*EXERCISE PROMPT:*
Transcribe the listing in full, word for word; pictures do not belong in the copy.

*COLLECTED MATERIAL:*
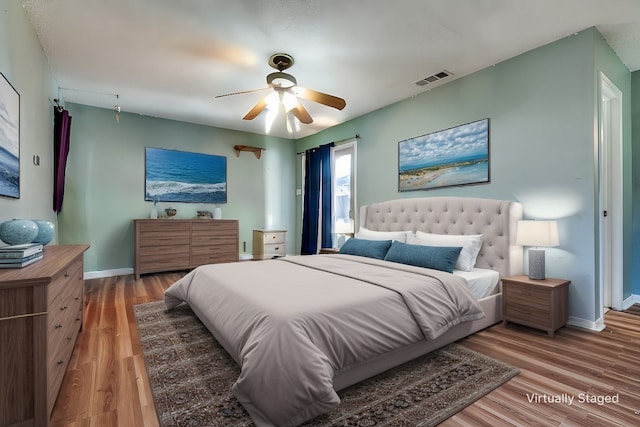 bedroom with wood-type flooring and ceiling fan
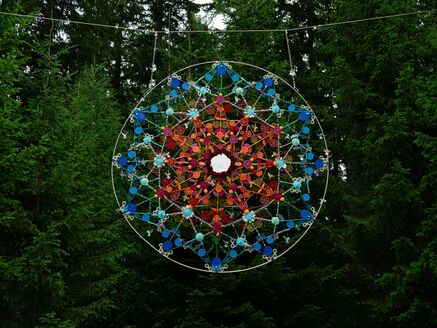 Ein farbenfrohes Mandala aus Wolle hängt zwischen den Bäumen. | © Amina Angelina Nührig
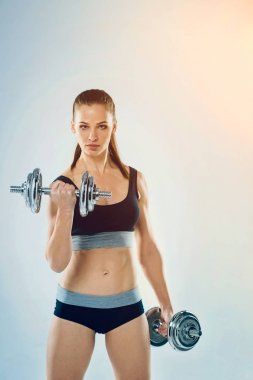 Kas sportif Bayan dumbbells ile arka plan üzerinde poz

*RESPONSE TO THIS TASK:*
 bedroom with wood-type flooring and ceiling fan
 Ein farbenfrohes Mandala aus Wolle hängt zwischen den Bäumen. | © Amina Angelina Nührig
 Kas sportif Bayan dumbbells ile arka plan üzerinde poz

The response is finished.